Your comment would be more useful if you gave us that reason.

"Filesystem as the API" in this case looks more like "convention over configuration" (which has worked fine for other frameworks like Rails), it doesn't actually seem to be using the filesystem as the only storage backend.

Don't really agree - what they're doing is very different compared to what, for example Ember does (which they call 'convention over configuration').

Next's routing is much more similar to Jekyll's which quite literally is based on your filesystem file-organisation.

Ah, I see what you're saying. I didn't consider deeper/complex routes with parameters.

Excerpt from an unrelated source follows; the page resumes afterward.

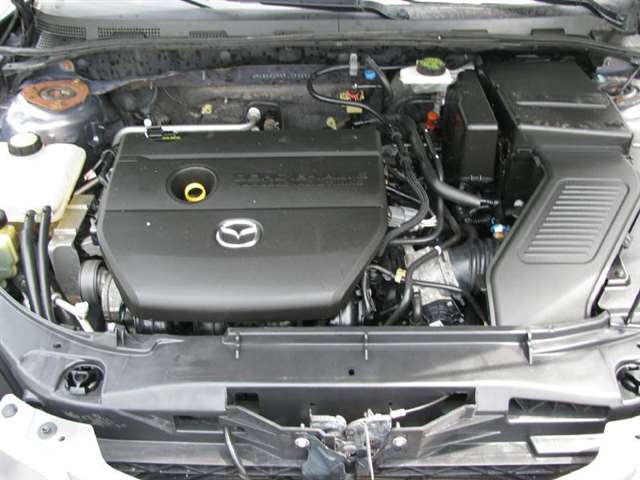 2007 Mazda Mazda3 S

This scheme seems to force route parameters into query parameters. Disadvantage: It's not RESTful. Advantage: Your route parameters are now named query parameters. You only handle one dict of parameters...

I'm not sure how I feel about this.

It's really not:

- You can't have beautiful URLs

- you can't regroup small related routes in one file

- you can't remap you urls without changing your project structure

- changing your project structure means changing your urls

- now you have part of your url definition in the file structure and part of it in your code logic

- of course it's harder to do anything using virtual routes: load balancing, aliasas and redirections, generating urls on the fly, etc

When was that, and why did we stop?
PHP + Apache. And we stopped because it's hard to make it evolve and maintain.